# Springfield, VA - Napoleon in Europe



## Corey (Aug 23, 2002)

Looking for some competition once or twice a month.  If interested please e-mail me at cpsaylor@yahoo.com.

Corey


----------



## Old One (Aug 23, 2002)

Corey said:
			
		

> *Looking for some competition once or twice a month.  If interested please e-mail me at cpsaylor@yahoo.com.
> 
> Corey *




Clearly, I am not providing enough entertainment!

BTW...boardgame, electronic war game?  If so, do you hotseat or send turns back and forth?

~ Old One


----------



## Corey (Aug 24, 2002)

*Re: Re: Springfield, VA - Napoleon in Europe*



			
				Old One said:
			
		

> *
> 
> Clearly, I am not providing enough entertainment!
> 
> ...




C'mon, baby. You know my D+D3e heart is for you alone.
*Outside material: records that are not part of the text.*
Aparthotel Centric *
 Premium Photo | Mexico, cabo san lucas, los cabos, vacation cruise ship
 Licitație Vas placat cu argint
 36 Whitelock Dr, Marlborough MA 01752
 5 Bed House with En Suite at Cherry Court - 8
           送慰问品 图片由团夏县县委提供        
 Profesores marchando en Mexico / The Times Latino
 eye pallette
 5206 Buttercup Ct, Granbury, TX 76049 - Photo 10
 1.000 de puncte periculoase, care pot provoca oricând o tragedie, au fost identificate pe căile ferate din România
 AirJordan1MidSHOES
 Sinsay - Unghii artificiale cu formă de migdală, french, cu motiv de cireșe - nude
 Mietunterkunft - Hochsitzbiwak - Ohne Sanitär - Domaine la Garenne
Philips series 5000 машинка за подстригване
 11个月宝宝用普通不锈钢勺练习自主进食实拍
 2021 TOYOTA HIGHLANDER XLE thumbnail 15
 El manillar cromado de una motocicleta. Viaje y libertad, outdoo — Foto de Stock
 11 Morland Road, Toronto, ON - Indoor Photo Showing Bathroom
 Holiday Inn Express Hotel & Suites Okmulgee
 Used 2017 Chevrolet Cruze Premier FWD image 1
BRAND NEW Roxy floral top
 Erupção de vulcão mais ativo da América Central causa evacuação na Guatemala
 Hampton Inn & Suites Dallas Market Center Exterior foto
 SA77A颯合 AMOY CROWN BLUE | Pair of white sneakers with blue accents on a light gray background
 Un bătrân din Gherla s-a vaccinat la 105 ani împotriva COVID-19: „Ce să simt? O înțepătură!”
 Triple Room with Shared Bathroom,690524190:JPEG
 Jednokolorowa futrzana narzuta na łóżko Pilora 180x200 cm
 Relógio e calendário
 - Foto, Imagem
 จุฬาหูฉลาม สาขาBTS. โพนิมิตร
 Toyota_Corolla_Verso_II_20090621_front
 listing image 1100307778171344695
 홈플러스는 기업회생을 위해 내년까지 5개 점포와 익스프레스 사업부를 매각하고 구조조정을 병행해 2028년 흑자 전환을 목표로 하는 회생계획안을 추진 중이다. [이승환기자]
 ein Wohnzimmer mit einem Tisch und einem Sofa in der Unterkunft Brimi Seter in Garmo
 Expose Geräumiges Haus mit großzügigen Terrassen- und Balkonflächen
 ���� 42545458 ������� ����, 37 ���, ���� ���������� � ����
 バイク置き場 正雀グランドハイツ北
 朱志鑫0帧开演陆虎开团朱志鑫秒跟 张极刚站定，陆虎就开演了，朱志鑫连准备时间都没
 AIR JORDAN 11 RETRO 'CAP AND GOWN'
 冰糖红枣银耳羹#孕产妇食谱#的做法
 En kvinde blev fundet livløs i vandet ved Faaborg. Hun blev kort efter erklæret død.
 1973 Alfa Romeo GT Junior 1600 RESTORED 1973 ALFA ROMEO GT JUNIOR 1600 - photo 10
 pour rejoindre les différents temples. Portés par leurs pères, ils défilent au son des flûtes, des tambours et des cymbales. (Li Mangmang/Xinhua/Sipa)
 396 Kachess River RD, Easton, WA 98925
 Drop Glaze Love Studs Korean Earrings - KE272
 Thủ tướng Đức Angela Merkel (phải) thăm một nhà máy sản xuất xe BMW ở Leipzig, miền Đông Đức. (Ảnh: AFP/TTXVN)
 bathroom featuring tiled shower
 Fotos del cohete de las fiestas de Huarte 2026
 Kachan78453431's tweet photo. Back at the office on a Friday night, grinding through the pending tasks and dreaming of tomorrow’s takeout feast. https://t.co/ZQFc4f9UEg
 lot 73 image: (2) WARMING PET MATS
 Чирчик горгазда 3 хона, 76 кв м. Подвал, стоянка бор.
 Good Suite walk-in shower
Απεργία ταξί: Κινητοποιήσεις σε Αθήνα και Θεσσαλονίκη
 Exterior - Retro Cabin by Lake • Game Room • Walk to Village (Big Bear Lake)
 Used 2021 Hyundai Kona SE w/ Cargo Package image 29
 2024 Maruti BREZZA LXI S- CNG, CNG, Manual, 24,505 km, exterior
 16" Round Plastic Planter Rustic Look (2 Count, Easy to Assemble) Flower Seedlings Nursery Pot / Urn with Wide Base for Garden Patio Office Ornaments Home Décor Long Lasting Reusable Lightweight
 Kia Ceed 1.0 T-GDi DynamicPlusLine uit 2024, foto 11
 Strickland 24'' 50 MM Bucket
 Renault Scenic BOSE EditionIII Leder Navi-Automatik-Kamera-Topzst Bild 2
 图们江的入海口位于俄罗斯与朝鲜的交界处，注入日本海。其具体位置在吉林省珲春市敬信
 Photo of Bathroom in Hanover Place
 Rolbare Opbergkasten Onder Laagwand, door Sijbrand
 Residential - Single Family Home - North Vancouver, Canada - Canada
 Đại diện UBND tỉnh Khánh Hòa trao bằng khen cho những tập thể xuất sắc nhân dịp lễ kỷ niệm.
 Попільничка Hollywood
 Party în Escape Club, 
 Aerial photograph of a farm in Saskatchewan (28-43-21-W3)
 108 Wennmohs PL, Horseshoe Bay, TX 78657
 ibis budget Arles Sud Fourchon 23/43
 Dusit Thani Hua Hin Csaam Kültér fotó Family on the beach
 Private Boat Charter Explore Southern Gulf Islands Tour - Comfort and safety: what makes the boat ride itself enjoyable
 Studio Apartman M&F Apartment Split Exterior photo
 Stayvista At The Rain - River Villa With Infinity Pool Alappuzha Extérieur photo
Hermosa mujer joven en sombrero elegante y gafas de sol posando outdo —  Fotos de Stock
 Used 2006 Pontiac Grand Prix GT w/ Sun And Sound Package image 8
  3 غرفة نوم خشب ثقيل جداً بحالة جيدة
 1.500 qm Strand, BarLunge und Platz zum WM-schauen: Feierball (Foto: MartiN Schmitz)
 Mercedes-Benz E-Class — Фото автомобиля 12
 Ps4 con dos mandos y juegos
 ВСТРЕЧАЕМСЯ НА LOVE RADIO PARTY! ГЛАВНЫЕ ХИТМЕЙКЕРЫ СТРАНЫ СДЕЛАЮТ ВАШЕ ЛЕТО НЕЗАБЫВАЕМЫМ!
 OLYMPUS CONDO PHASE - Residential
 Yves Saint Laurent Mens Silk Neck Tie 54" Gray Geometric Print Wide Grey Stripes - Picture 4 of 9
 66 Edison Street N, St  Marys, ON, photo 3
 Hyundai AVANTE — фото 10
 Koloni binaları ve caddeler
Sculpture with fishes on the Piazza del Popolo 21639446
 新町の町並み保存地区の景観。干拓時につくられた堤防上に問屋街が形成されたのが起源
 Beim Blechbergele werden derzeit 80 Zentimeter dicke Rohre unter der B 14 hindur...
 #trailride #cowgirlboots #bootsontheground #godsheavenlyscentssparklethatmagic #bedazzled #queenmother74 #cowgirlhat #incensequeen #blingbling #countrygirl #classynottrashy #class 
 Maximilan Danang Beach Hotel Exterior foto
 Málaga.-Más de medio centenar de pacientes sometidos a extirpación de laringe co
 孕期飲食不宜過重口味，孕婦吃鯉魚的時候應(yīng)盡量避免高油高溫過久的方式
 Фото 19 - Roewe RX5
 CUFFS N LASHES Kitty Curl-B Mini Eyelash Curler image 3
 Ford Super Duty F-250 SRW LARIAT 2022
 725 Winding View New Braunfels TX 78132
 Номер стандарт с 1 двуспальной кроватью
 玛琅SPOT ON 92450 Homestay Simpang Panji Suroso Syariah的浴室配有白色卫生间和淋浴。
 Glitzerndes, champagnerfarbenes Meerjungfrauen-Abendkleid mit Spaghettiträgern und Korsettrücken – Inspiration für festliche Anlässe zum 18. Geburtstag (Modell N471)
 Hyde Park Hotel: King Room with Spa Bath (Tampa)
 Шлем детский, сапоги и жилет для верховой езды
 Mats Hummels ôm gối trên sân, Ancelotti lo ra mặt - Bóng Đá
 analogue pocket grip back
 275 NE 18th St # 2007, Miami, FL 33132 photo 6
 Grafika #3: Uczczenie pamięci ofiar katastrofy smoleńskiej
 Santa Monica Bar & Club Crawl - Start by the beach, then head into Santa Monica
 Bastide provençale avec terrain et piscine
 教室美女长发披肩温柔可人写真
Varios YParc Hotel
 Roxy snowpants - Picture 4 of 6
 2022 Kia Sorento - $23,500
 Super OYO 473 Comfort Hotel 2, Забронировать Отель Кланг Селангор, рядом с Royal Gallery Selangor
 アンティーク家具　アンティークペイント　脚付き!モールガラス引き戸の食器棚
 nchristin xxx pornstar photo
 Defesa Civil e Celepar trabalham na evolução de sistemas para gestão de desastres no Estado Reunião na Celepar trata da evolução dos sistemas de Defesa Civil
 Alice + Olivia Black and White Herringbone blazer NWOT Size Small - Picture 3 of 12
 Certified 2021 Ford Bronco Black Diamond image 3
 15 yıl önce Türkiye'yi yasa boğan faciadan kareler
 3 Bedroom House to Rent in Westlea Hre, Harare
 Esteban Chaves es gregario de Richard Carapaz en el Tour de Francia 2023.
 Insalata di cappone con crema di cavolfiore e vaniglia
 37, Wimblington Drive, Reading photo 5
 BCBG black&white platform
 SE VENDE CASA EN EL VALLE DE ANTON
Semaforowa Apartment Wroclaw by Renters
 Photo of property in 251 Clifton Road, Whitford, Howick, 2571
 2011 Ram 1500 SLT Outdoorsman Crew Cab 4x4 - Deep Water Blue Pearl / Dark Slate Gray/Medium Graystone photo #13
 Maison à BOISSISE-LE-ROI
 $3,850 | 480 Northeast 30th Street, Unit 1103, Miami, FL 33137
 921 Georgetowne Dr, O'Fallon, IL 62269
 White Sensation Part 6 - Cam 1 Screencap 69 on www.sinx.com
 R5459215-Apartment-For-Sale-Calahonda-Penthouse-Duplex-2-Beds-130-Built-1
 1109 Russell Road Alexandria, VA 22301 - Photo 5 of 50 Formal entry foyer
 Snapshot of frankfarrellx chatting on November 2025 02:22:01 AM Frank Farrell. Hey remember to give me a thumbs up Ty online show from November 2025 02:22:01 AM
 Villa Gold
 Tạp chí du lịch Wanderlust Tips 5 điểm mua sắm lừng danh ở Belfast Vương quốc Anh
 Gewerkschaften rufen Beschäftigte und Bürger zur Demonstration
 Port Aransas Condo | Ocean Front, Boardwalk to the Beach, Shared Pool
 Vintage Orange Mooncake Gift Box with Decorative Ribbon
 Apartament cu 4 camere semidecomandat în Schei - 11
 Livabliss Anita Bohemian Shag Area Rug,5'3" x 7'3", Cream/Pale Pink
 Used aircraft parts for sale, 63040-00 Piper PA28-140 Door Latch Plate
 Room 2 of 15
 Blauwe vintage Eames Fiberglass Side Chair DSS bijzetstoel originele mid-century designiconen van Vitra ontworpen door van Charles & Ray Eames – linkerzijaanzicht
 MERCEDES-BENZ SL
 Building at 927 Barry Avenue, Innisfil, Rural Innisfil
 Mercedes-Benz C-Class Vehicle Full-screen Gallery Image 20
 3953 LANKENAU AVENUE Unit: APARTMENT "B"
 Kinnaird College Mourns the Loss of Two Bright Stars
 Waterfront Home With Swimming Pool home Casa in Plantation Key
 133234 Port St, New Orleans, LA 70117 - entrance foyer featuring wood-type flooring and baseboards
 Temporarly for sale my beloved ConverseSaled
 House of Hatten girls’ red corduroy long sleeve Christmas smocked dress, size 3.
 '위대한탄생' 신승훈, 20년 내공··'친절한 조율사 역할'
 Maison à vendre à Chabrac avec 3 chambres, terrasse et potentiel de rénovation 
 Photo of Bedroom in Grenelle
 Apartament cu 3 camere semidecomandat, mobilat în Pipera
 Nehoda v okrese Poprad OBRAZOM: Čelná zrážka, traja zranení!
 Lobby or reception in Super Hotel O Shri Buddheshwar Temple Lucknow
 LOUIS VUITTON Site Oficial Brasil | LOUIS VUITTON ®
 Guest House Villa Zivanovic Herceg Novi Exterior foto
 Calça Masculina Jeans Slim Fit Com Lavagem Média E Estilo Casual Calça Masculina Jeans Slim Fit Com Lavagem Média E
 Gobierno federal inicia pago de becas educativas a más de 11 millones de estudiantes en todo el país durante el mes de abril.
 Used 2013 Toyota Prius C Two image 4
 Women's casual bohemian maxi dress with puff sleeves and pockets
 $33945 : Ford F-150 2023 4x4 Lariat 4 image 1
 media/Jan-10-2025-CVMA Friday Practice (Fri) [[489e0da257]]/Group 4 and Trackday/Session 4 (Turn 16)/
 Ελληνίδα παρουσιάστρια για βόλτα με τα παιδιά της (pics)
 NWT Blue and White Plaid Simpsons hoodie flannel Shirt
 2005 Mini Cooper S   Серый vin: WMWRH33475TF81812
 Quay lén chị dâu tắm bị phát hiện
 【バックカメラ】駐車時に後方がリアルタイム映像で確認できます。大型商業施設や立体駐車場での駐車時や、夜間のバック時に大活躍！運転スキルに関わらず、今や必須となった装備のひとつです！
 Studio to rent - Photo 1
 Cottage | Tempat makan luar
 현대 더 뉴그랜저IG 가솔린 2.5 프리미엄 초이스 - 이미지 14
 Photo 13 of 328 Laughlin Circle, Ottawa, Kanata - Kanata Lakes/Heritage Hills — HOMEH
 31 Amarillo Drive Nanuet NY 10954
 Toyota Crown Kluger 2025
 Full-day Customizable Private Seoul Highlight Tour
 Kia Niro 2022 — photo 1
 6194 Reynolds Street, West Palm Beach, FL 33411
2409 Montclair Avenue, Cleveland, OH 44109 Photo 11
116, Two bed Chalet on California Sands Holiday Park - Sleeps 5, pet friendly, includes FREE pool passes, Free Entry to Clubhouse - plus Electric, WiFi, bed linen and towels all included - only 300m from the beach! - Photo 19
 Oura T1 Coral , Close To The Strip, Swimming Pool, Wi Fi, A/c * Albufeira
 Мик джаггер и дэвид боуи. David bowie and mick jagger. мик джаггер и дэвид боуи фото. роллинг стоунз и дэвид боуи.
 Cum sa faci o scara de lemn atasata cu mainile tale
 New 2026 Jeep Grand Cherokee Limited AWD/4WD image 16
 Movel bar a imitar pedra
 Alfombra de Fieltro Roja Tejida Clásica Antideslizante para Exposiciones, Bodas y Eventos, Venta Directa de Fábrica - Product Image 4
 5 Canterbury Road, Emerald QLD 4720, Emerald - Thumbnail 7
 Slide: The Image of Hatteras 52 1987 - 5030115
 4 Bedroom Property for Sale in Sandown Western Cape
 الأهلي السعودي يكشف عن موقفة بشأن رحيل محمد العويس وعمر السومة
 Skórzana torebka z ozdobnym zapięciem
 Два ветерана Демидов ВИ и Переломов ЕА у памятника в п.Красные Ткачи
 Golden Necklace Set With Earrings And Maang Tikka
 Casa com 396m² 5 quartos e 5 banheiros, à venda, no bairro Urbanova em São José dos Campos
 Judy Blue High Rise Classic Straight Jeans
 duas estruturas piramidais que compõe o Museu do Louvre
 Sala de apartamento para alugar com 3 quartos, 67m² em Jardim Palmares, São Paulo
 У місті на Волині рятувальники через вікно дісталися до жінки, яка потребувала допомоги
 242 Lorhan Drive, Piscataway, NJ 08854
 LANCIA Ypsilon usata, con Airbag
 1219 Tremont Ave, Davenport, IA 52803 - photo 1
I was gonna tell you about it, honest, but I had to bring the kids over to their grandparent's house before I could e-mail the FG list. 

Boardgame, in the family of Axis and Allies and Conquest of the Empire- but with a larger scope and, IMHO, better execution.  The board alone would take up most of the Table of Elemental Evil.

See http://www.eaglegames.net/products/nie.html

Try it, you know you want to...

Corey


----------



## Corey (Aug 27, 2002)

Bump


----------



## Old One (Aug 29, 2002)

*Hey Corey...*

How long does a typical game last?  Maybe we could do it before a session sometime...

~ Old One


----------